_Exercise aim_
Print out all of the records exactly; no picture belongs in the result.

◆ ◆ ◆ ◆ ◆

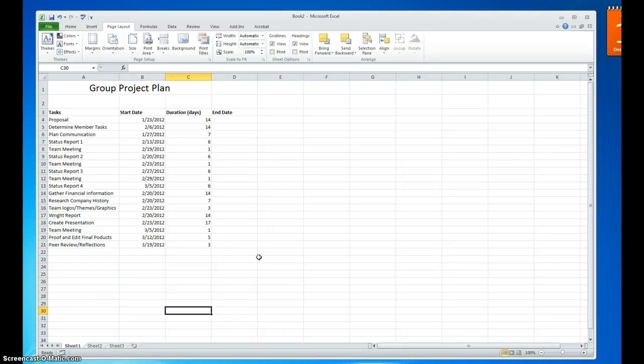Hello everyone. A Gantt chart is a common tool for project planning and keeping track of individual tasks within a project. This type of chart was invented in 1910 by a mechanical engineer named Henry Gantt. There are many software tools on the market today that use Gantt charts in project planning.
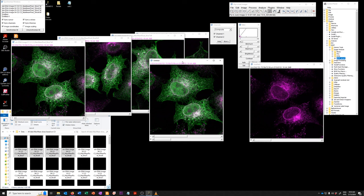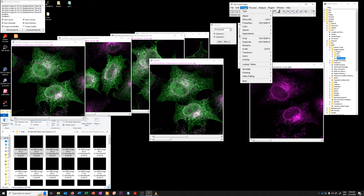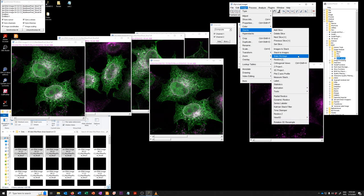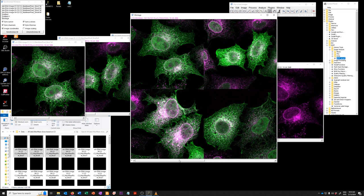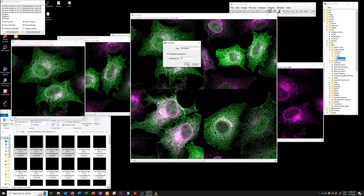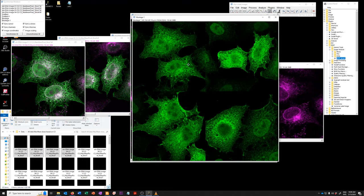You can also make a montage of these. I'm going to use a scale factor of one. So this is a two channel montage. And by using the duplicate command, we can turn it into a one channel montage and so on and so forth.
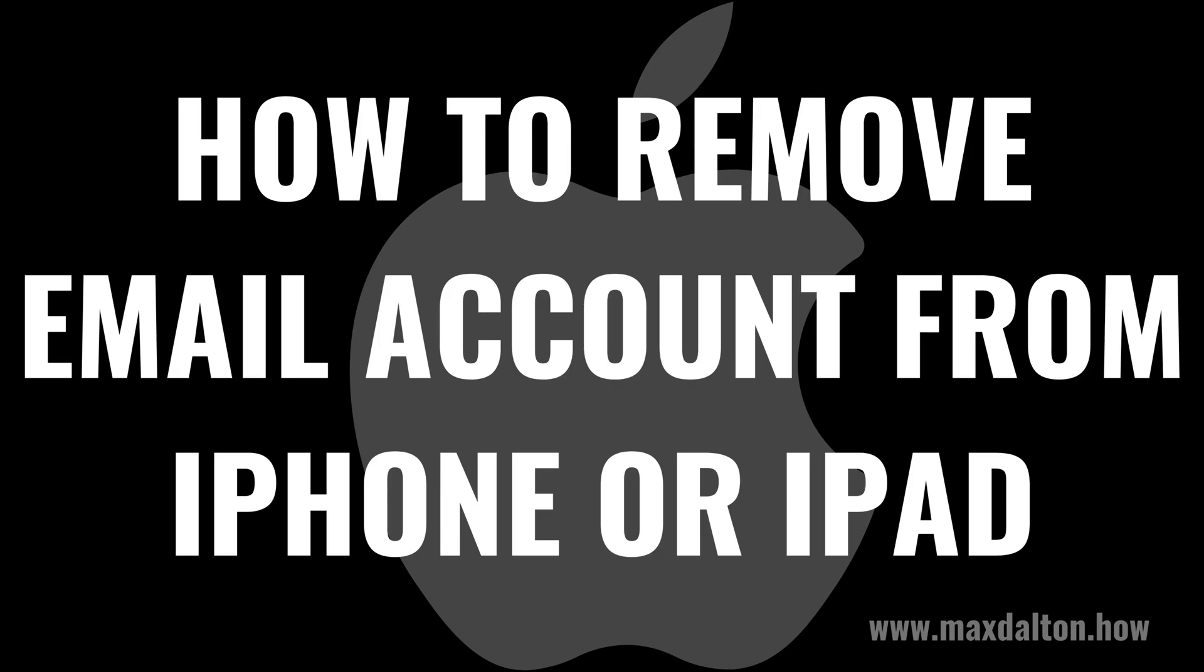I'm Max Dalton, and in this video I'll show you how to remove an email account from your Apple iPhone or iPad.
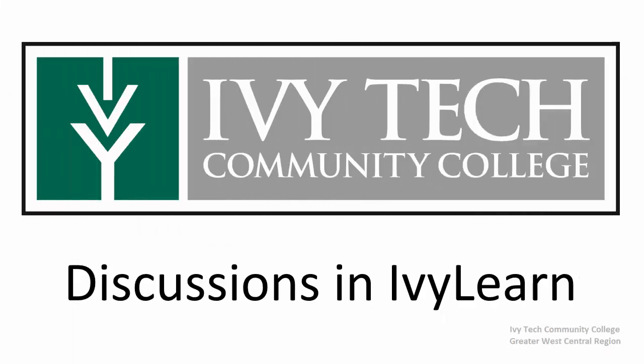The majority of online courses will at some point include a discussion assignment. Let's explore discussions in IvyLearn.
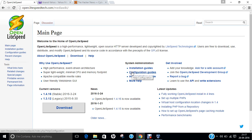Hello researchers, how are you? I hope you are fine and doing well. In this video, I am going to demonstrate how to deploy Open Lightspeed Web Server on CentOS 7.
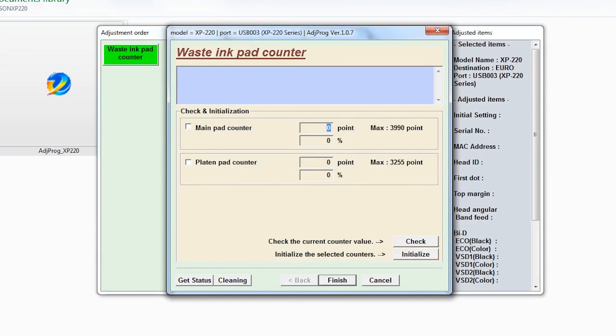It's working. Our point has become zero and the life consumed of our main pad counter is 0%.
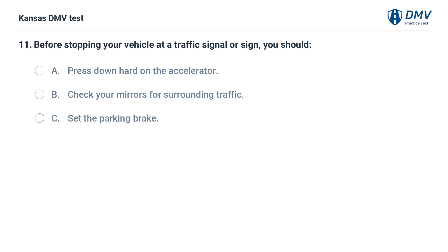Before stopping your vehicle at a traffic signal or sign, you should: A. Press down hard on the accelerator. B. Check your mirrors for surrounding traffic. C. Set the parking brake.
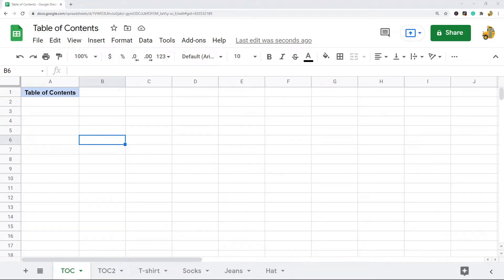In this video I'm going to show you how to create a table of contents in Google Sheets. Sometimes when you have a large spreadsheet, making a table of contents can make it easier to navigate through your data.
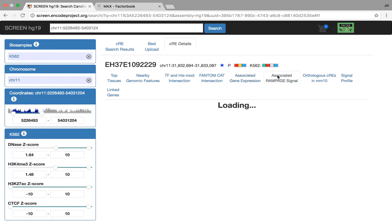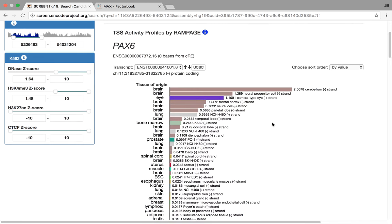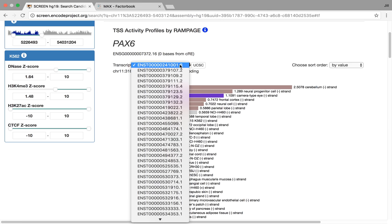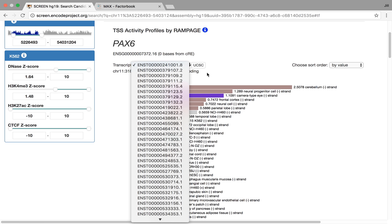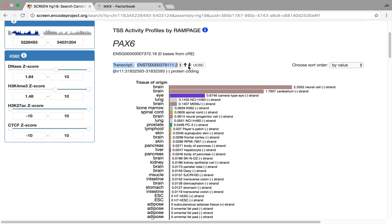Similarly, for TSS activity, we have some RAMPAGE data, and we also are displaying this here now. If you have multiple TSSs, you have multiple transcripts available, you can scroll through these and also change the sort order and how you display these too.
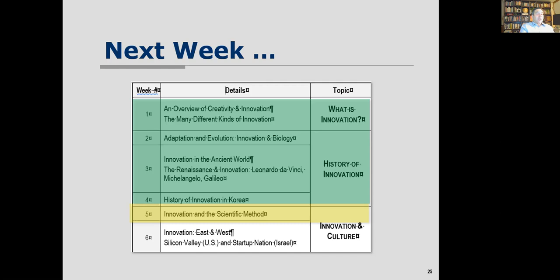Three short assignments are coming up — about one page each. They will focus on developing curiosity, developing observation, and developing a passion for improvement — three core principles of innovation. More details will be shared in subsequent lectures. Thank you very much, have a good night, and we'll see you next week.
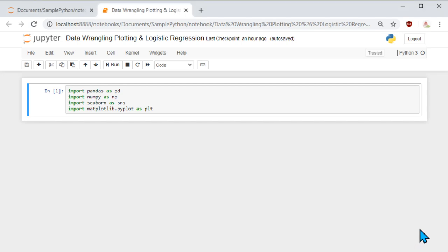Today we are going to discuss about machine learning with logistic regression. And to do this logistic regression, we would also need to do some data wrangling, data plotting and analysis. I am going to use the Jupyter Notebook as my IDE, and feel free to use any IDE of your choice.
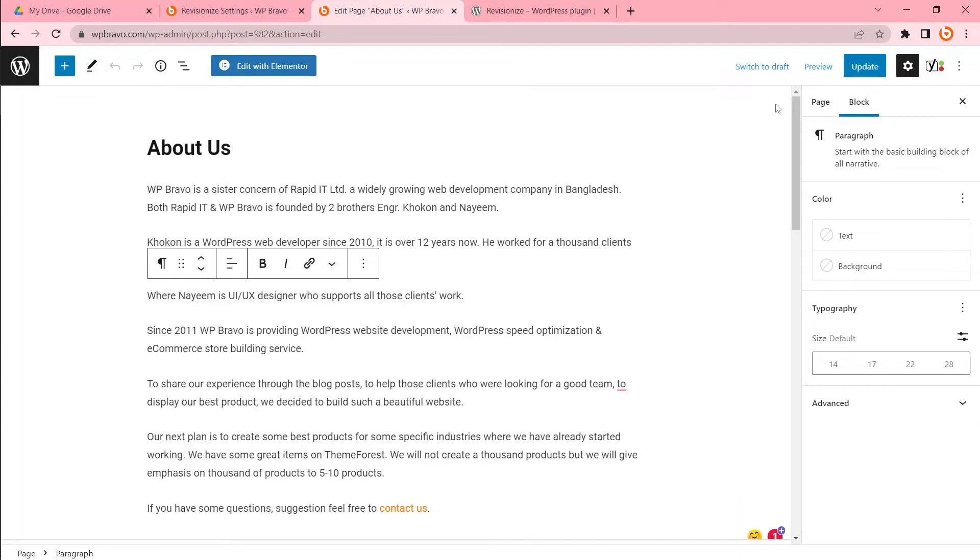Hi there, this is Kokon from WP Bravo. If you have ever edited any already published WordPress post or page, you may have wondered if there is a way to save your changes without publishing immediately.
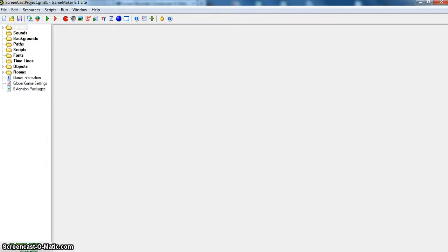Hello, this is Andrew and today I will be showing you how to give enemy lives in GameMaker.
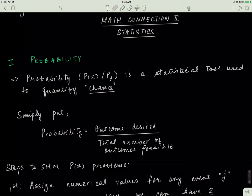It turns out that beside knowing complex numbers, it's also really important to know statistics before we start discussing the deep parts of quantum mechanics. This video will discuss some introductory statistics and we'll begin with the concept of probability.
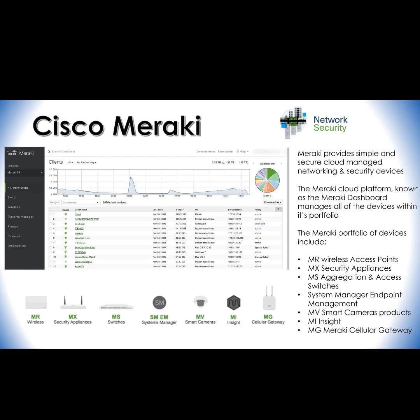The last one is the Meraki Cellular Gateway, which is a gateway to cellular networks for WAN connectivity, used to extend your network anywhere with a cellular connection.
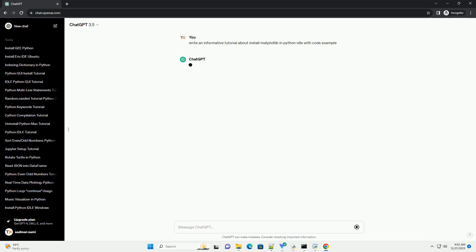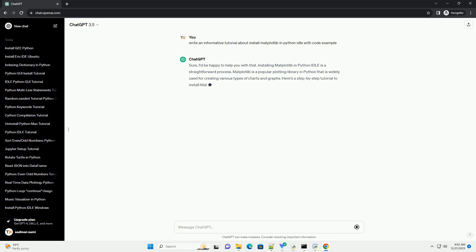Sure, I'd be happy to help you with that. Installing Matplotlib in Python IDLE is a straightforward process. Matplotlib is a popular plotting library in Python that is widely used for creating various types of charts and graphs. Here's a step-by-step tutorial to install Matplotlib in Python IDLE with code examples.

◆ ◆ ◆ ◆ ◆

_Reply_
Hello everyone. A Gantt chart is a common tool for project planning and keeping track of individual tasks within a project. This type of chart was invented in 1910 by a mechanical engineer named Henry Gantt. There are many software tools on the market today that use Gantt charts in project planning.
You can also make a montage of these. I'm going to use a scale factor of one. So this is a two channel montage. And by using the duplicate command, we can turn it into a one channel montage and so on and so forth.
I'm Max Dalton, and in this video I'll show you how to remove an email account from your Apple iPhone or iPad.
The majority of online courses will at some point include a discussion assignment. Let's explore discussions in IvyLearn.
Hello researchers, how are you? I hope you are fine and doing well. In this video, I am going to demonstrate how to deploy Open Lightspeed Web Server on CentOS 7.
It's working. Our point has become zero and the life consumed of our main pad counter is 0%.
Before stopping your vehicle at a traffic signal or sign, you should: A. Press down hard on the accelerator. B. Check your mirrors for surrounding traffic. C. Set the parking brake.
In this video I'm going to show you how to create a table of contents in Google Sheets. Sometimes when you have a large spreadsheet, making a table of contents can make it easier to navigate through your data.
Similarly, for TSS activity, we have some RAMPAGE data, and we also are displaying this here now. If you have multiple TSSs, you have multiple transcripts available, you can scroll through these and also change the sort order and how you display these too.
Three short assignments are coming up — about one page each. They will focus on developing curiosity, developing observation, and developing a passion for improvement — three core principles of innovation. More details will be shared in subsequent lectures. Thank you very much, have a good night, and we'll see you next week.
Today we are going to discuss about machine learning with logistic regression. And to do this logistic regression, we would also need to do some data wrangling, data plotting and analysis. I am going to use the Jupyter Notebook as my IDE, and feel free to use any IDE of your choice.
Hi there, this is Kokon from WP Bravo. If you have ever edited any already published WordPress post or page, you may have wondered if there is a way to save your changes without publishing immediately.
Hello, this is Andrew and today I will be showing you how to give enemy lives in GameMaker.
It turns out that beside knowing complex numbers, it's also really important to know statistics before we start discussing the deep parts of quantum mechanics. This video will discuss some introductory statistics and we'll begin with the concept of probability.
The last one is the Meraki Cellular Gateway, which is a gateway to cellular networks for WAN connectivity, used to extend your network anywhere with a cellular connection.
Sure, I'd be happy to help you with that. Installing Matplotlib in Python IDLE is a straightforward process. Matplotlib is a popular plotting library in Python that is widely used for creating various types of charts and graphs. Here's a step-by-step tutorial to install Matplotlib in Python IDLE with code examples.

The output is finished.